Short descriptive text snippets:
──────────────────────────────

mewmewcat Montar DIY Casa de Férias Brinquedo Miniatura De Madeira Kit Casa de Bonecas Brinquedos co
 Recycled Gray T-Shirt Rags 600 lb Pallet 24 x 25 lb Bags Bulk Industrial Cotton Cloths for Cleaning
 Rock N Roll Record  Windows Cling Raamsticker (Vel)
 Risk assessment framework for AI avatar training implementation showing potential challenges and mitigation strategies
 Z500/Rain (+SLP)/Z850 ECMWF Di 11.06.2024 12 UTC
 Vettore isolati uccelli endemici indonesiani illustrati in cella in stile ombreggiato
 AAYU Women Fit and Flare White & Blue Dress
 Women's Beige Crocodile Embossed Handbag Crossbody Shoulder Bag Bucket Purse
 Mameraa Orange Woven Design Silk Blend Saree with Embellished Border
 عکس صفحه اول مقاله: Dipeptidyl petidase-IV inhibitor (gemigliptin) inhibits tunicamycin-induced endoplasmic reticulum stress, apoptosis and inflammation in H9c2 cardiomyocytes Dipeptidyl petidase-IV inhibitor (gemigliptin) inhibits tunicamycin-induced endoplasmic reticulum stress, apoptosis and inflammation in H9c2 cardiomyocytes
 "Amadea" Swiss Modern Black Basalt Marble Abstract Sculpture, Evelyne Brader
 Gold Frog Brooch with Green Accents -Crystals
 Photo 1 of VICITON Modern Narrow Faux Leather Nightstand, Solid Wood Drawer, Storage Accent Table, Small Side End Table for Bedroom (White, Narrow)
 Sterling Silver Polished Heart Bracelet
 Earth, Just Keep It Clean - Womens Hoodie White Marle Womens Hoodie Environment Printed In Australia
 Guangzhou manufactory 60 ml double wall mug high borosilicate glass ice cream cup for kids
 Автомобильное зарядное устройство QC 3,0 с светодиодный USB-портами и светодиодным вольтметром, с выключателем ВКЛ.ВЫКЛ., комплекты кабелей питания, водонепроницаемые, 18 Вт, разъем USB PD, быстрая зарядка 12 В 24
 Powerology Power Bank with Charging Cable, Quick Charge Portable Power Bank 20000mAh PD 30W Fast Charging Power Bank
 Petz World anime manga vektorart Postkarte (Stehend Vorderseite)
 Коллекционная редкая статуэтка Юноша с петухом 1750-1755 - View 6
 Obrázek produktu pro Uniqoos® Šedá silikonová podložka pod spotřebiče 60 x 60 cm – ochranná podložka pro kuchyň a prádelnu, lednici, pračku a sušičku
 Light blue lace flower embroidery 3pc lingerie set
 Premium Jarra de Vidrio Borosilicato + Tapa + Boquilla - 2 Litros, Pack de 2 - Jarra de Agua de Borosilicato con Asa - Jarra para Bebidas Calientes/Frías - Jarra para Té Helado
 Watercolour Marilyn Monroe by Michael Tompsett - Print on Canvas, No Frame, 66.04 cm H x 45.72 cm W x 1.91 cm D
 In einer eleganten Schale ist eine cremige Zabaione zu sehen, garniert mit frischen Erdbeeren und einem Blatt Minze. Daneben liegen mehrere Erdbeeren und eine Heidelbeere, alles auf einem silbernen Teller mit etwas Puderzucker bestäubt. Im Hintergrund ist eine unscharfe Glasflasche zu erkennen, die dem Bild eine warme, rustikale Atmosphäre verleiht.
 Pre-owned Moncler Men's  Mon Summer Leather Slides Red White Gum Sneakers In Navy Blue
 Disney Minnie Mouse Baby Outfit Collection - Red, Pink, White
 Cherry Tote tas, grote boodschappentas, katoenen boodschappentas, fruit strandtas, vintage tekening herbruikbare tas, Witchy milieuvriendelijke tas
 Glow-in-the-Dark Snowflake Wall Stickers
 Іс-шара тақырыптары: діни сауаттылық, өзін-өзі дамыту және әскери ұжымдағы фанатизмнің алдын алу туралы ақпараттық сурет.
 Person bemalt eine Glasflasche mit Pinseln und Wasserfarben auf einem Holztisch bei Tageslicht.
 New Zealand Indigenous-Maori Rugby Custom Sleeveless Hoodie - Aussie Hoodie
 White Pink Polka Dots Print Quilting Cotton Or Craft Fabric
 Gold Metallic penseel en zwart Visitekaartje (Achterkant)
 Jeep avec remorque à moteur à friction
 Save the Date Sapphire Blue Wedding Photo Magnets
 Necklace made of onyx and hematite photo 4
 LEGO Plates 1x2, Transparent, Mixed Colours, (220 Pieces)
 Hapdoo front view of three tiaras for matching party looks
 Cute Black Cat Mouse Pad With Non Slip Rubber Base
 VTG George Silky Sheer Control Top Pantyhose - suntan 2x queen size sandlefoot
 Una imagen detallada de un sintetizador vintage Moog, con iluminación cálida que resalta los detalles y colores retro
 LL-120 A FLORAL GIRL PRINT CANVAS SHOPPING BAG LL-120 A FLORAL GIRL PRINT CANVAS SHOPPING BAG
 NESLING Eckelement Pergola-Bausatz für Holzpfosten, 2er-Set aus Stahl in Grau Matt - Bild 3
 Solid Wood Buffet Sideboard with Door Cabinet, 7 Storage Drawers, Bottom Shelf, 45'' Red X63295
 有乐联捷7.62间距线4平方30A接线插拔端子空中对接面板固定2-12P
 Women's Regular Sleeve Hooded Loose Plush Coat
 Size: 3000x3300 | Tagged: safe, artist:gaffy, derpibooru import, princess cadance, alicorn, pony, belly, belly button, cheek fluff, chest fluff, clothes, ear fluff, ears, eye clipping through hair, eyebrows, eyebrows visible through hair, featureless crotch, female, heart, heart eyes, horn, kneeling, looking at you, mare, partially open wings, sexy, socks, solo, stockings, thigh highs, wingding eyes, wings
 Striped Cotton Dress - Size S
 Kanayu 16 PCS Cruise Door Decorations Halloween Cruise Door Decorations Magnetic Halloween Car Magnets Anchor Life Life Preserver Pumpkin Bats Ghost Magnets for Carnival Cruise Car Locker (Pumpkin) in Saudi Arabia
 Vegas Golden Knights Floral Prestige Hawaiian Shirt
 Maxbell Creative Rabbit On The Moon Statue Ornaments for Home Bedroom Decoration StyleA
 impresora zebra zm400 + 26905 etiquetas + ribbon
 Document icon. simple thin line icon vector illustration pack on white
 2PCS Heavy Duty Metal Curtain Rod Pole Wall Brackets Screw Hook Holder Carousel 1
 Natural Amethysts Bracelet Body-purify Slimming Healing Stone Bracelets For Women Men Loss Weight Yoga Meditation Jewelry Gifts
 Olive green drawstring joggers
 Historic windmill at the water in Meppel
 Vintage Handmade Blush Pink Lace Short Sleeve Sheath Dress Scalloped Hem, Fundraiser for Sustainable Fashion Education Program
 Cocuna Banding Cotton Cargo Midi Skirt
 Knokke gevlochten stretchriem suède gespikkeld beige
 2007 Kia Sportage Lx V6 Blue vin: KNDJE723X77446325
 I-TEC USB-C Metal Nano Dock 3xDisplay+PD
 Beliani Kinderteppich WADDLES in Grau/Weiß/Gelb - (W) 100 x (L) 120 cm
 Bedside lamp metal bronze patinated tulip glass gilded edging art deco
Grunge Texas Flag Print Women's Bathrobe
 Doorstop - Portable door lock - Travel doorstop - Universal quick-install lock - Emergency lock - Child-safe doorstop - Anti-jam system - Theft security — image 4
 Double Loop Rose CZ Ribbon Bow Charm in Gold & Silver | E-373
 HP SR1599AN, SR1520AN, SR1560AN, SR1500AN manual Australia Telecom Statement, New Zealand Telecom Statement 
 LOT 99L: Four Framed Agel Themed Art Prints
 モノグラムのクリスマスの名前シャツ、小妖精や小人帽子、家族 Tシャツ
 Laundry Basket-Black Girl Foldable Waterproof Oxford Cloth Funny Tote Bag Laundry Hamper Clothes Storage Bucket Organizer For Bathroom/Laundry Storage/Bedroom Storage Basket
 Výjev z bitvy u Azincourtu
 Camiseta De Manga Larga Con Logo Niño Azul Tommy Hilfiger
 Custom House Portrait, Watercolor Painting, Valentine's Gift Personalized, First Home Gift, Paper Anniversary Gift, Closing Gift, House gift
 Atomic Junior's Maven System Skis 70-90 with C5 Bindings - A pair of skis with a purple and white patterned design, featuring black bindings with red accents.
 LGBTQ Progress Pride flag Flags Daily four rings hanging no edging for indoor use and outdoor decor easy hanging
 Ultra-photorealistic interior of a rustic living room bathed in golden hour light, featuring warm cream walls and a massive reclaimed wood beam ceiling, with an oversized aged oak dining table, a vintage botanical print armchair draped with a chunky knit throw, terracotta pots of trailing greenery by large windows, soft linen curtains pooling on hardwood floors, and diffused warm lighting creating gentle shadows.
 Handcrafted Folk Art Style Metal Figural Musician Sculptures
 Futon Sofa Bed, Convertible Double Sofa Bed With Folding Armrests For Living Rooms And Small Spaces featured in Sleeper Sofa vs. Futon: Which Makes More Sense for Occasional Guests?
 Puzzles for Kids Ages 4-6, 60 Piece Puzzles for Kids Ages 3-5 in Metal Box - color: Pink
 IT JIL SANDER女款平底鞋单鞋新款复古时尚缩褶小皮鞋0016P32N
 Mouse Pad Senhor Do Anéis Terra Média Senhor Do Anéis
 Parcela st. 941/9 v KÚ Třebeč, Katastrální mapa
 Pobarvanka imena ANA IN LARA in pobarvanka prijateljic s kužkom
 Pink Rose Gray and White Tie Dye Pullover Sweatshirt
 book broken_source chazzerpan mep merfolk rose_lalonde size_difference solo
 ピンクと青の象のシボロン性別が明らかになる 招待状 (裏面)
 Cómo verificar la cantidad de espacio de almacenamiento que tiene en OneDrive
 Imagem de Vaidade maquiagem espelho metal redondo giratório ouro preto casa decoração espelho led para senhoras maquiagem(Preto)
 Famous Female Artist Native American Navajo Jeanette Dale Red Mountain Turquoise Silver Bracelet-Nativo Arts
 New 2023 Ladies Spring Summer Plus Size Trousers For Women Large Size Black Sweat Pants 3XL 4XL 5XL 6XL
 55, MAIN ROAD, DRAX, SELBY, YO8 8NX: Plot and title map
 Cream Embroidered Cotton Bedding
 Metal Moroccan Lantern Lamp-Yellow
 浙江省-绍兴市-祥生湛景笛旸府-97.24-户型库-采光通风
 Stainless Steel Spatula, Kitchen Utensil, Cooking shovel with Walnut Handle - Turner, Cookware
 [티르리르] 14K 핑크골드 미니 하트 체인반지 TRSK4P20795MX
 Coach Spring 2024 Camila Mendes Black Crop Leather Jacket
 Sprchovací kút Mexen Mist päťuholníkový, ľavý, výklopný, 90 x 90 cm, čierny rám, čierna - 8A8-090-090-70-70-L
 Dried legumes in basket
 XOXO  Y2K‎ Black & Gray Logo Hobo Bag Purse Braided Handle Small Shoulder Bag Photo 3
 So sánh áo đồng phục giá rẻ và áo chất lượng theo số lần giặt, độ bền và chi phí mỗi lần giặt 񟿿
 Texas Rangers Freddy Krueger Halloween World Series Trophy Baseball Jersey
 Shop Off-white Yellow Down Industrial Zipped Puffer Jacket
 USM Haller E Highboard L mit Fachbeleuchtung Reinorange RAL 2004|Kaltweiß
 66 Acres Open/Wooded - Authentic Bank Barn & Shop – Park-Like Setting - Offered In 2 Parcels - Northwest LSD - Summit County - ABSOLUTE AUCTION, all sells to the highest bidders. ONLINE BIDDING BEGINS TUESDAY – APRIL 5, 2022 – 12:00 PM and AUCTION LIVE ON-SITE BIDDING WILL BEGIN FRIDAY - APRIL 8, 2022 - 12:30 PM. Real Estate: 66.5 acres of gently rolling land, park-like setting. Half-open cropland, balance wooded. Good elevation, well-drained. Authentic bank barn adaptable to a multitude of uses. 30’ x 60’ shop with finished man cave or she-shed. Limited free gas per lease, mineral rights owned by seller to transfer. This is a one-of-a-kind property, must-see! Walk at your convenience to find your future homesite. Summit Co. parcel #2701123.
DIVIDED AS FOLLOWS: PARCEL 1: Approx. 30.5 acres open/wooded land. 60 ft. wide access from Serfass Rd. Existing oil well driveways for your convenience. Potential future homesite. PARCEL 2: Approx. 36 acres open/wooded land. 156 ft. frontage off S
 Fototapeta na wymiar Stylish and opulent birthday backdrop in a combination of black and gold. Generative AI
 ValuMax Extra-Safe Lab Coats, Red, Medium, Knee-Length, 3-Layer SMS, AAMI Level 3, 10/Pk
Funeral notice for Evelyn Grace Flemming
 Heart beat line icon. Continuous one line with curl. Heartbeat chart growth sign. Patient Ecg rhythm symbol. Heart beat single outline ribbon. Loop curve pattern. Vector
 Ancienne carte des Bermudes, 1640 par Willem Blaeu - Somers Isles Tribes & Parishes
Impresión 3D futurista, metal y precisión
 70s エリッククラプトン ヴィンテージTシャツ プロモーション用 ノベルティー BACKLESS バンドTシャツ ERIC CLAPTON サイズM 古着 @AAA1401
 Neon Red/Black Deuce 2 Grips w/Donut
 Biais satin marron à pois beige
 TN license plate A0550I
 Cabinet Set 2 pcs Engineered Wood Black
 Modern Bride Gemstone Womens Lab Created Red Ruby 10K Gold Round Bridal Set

──────────────────────────────

▸ Problem to work on
Out of the data above, set down the lines from the one with "LL-120 A FLORAL GIRL PRINT CANVAS SHOPPING BAG LL-120" to the one with "Women's Regular Sleeve", both included, exactly as written and with no additions.

▸ Answer to this task
 LL-120 A FLORAL GIRL PRINT CANVAS SHOPPING BAG LL-120 A FLORAL GIRL PRINT CANVAS SHOPPING BAG
 NESLING Eckelement Pergola-Bausatz für Holzpfosten, 2er-Set aus Stahl in Grau Matt - Bild 3
 Solid Wood Buffet Sideboard with Door Cabinet, 7 Storage Drawers, Bottom Shelf, 45'' Red X63295
 有乐联捷7.62间距线4平方30A接线插拔端子空中对接面板固定2-12P
 Women's Regular Sleeve Hooded Loose Plush Coat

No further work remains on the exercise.